Schrödinger Wave Function Of A Particle In A Box

Assume a box contains a particle and that the interior corresponds to:

0 < x < L_x, 0 < y < L_y, 0 < z < L_z

for some L_x, L_y and L_z. Assume also that the potential energy is zero for the interior and unbounded for the exterior. The Hamiltonian eigenfunctions are:

[A_xsin(k_xx) + B_xcos(k_xx)][A_ysin(k_yy) + B_ycos(k_yy)][A_zsin(k_zz) + B_zcos(k_zz)]
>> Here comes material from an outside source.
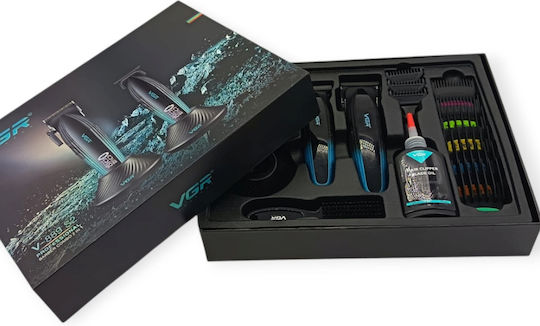 VGR Professional Hair Clipper Blue V-889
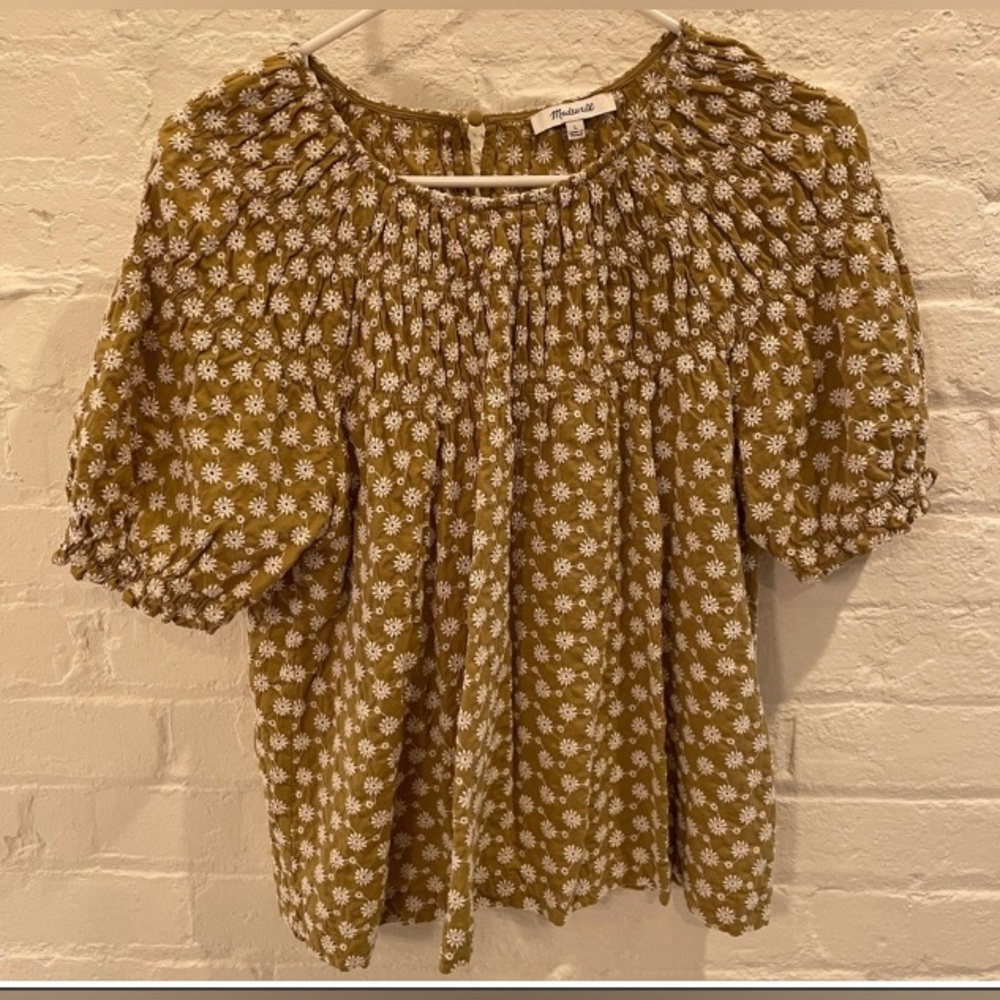 Madewell Embroidered Top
for some A_x, B_x, A_y, B_y, A_z, B_z, k_x, k_y and k_z.  The corresponding eigenvalues are:

[ħ² / (2m)] (k_x² + k_y² + k_z²)

where m is the mass of the particle.  Because the Hamiltonian eigenfunctions are zero at the edges:

B_x = B_y = B_z = 0, k_xL_x = n_xπ, k_yL_y = n_yπ and k_zL_z = n_zπ

for some integers n_x, n_y and n_z.  Because the volume integrals of the squares over all space are one:

A_x = √ 2 / L_x, A_y = √ 2 / L_y and A_z = √ 2 / L_z.

The Hamiltonian eigenfunctions become solutions to the Schrödinger equation when the corresponding exponential time functions are added. Therefore, solutions to the Schrödinger equation consist of combinations of functions of the following form:

sin(jπx / L_x) sin(kπy / L_y) sin(lπz / L_z) e^{-iE_jklt / ħ}

where:

E_jkl = (π² ħ²)(j² / L_x² + k² / L_y² + l² / L_z²) / (2m)

for integers j, k and l. The coefficients must be chosen to give the correct initial Schrödinger wave function.